Identifying noncoding sequence changes underlying human traits is one of the biggest challenges in genetics. This is particularly difficult in ancient samples, where regulatory information is scarce (Yan and McCoy, 2020; Gokhman et al., 2016). Here, we use an MPRA-based framework to study how sequence changes shaped human gene regulation. By comparing modern to archaic sequences, we investigated the regulatory potential of each of the 14,042 single-nucleotide variants that emerged and reached fixation or near fixation in modern humans. We found an association between divergent TF motifs and the sequences driving expression changes, suggesting that changes to TF binding might have played a central role in shaping divergent modern human expression. Our results also suggest that genes affecting the vocal tract and cerebellum might have been particularly affected by these expression changes, which is in line with previous comparisons based on the fossil record (Neubauer et al., 2018; Gunz et al., 2019; Aiello and Dean, 2002; Kochiyama et al., 2018) and DNA methylation (Gokhman et al., 2020). More importantly, these results provide candidate sequence changes underlying these evolutionary trends.

LentiMPRA is designed for linking DNA sequence changes to expression changes en masse. Notably, it has limitations that could influence our results, mainly by potentially generating false negatives. First, our lentiMPRA library inserts were limited to ~200 bp in length, due to oligonucleotide synthesis technical restrictions, which may be insufficient to detect the activity of longer enhancer sequences (Inoue et al., 2017). Second, some minimally active sequences may not be expressed at a high enough level to pass our limit of detection. At the same time, some minimally active sequences may not be biologically significant. Third, some sequences may regulate expression post-transcriptionally, which lentiMPRA is not designed to detect. Fourth, since test sequences are randomly integrated into the genome, sequences that are dependent on their endogenous genomic environments (e.g., on nearby TF binding sites) might show reduced activity when inserted in new locations, while others might show activity that they otherwise would not have. Our design partially addresses this through the use of antirepressors and multiple independent integrations, which are intended to dilute location-specific effects. Additionally, all biases are expected to similarly affect the modern and archaic human versions of each sequence (Inoue et al., 2017). Fifth, transcriptional repression is less likely to be detected due to the low basal activity of the mP used. Sixth, the level of sequence activity may depend on more than one variant (including non-fixed variants, which we have not tested here). In the cases of non-fixed variants, the extent of differential activity could vary between individuals. At the same time, in the 10% of sequences that include more than one fixed variant, it is generally impossible to determine which of the variants drives the differential activity (with the exception of cases with more than two variants where the tiled sequences include a different combination of these variants).

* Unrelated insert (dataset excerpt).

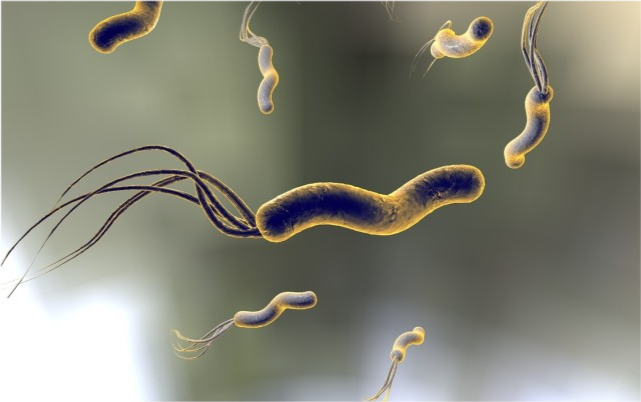 上医聊健康|嘴巴出现1种“异常”,或是胃病“前兆”,别再以为是上火,尽早自查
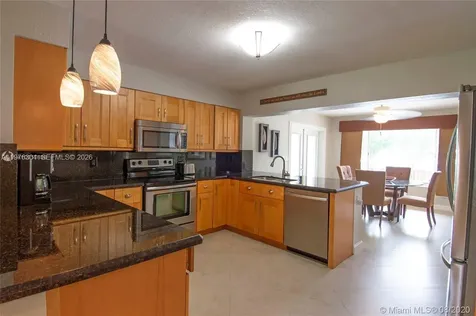 4701 SW 34th Drive Dania Beach FL 33312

Finally, differences in the trans environment of a cell could have an effect on the ability of a sequence to exert its cis-regulatory effect, resulting in cell type-specific cis-regulatory effects, as we observed in our data. The trans environment of the same cell type might also differ between two organisms. However, the majority of the cis-regulatory changes we observed would be expected to be present in archaic human cells as well, considering that such conservation has been observed between substantially more divergent organisms (e.g., human-chimpanzee [Ryu et al., 2018] and human-mouse [Mattioli et al., 2020]). In other words, while trans-regulatory changes play a key role in species divergence, the trans environments of the same cell type in two closely related organisms tend to affect cis-regulation similarly. Despite these caveats, MPRAs have been repeatedly shown to be able to replicate the activity of sequences in their endogenous context (Inoue et al., 2017; Klein et al., 2020; Kircher et al., 2019).

Importantly, when genomes from additional modern human individuals are sequenced and new variants mapped, it might become clear that some of the variants we analyzed have not reached fixation. However, regardless of whether they are completely fixed or not, these variants represent derived substitutions that likely emerged in modern humans and spread to considerable frequency. Further investigation is required to determine when they emerged, how rapidly they spread, and whether their effect was neutral or adaptive.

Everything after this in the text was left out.